​O Médio Oriente e a reeleição de Trump
13-01-2020 - 06:30

Ter mandado matar o general Soleimani pode ser um trunfo para a reeleição de Trump. Mas em sentido contrário jogam a probabilidade de o Irão vir a ter uma bomba nuclear. E a necessidade de enviar mais soldados americanos para o Médio Oriente.

Milhares de iranianos têm protestado, em fúria, nas ruas do Irão contra os seus governantes, por estes durante três dias lhes terem mentido sobre a responsabilidade do abate do avião ucraniano. Essa responsabilidade cabe diretamente aos Guardas da Revolução, os mais radicais apoiantes da teocracia vigente naquele país. As enormes multidões que acompanharam a urna com o corpo do general Soleimani parecem ter-se desvanecido.

É um trunfo eleitoral para Trump, que já começou a comparar a sua ousadia à prudência dos seus antecessores, George W. Bush e Obama, que recusaram assassinar Soleimani. Mas outros fatores jogam em sentido desfavorável a Trump.

Um desses fatores é o abandono de quaisquer limitações, por parte de Teerão, no caminho para fabricar armas nucleares.

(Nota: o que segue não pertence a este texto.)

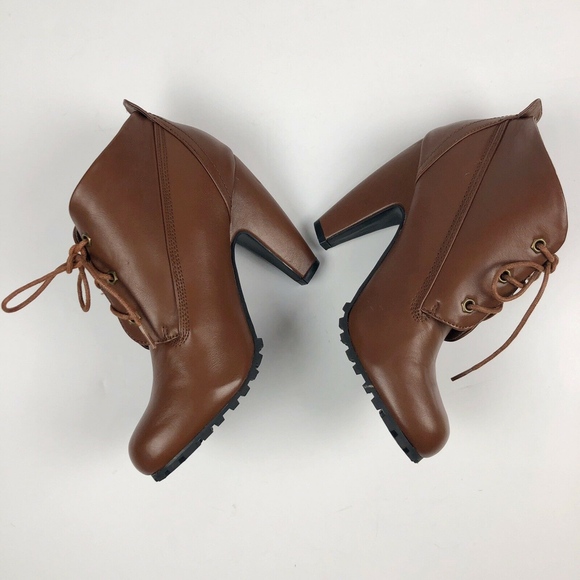 Bamboo Brown Lace Up Ankle Boots MOZZA-27L - Picture 4 of 8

Trump rasgou o acordo nuclear de 2015 e reforçou as sanções económicas ao Irão. Há dias solicitou aos países europeus que subscreveram aquele acordo que seguissem o seu exemplo – mas esses países mantém a atitude contrária: tentam salvar o acordo. Também teve escasso sentido e nulo acolhimento a proposta de Trump de que a NATO se envolvesse mais no Médio Oriente.

Trump é um isolacionista e prometeu retirar soldados americanos de guerras onde não têm sido felizes. Entretanto, Putin e Erdogan preenchem o vazio político na Líbia e na Síria. Recentemente, por pressão turca, Trump retirou militares da Síria, traindo os curdos que foram decisivos no combate ao “Estado Islâmico”. Mas agora é o Iraque que quer a retirada dos soldados americanos do seu território.

Trump vai ter que enviar mais – e não menos – soldados para o Médio Oriente. No Iraque eles são necessários, para não só proteger a embaixada americana em Bagdad, como para defender instalações militares americanas de ataques das várias milícias locais pró-Irão e pró-xiitas. Ora mandar mais soldados para o estrangeiro não será favorável à reeleição de Trump, o seu grande objetivo.

Foi, aliás, com a desastrada invasão americana do Iraque, em 2003, que os sarilhos no Médio Oriente começaram a multiplicar-se. E foram os neoconservadores que rodeavam George W. Bush quem iniciou a viragem ideológica que culminou em Trump.

Na euforia da vitória dos EUA na guerra fria, os neoconservadores promoveram uma atitude triunfalista em Washington, em que, nos negócios, valia tudo para ganhar muito dinheiro, e na política externa o uso da força primava sobre o direito, as alianças permanentes (como a NATO) eram desprezadas em favor de entendimentos ocasionais, e grupos de extrema-direita, como o “Tea Party”, passaram a mandar no partido republicano.

Trump domina hoje o partido republicano. E deixou cair bandeiras tradicionais desse partido, como o comércio livre ou o equilíbrio das contas federais. É um presidente perigoso pela sua falta de sentido de Estado. Mas não se deve esquecer quem lhe preparou o caminho.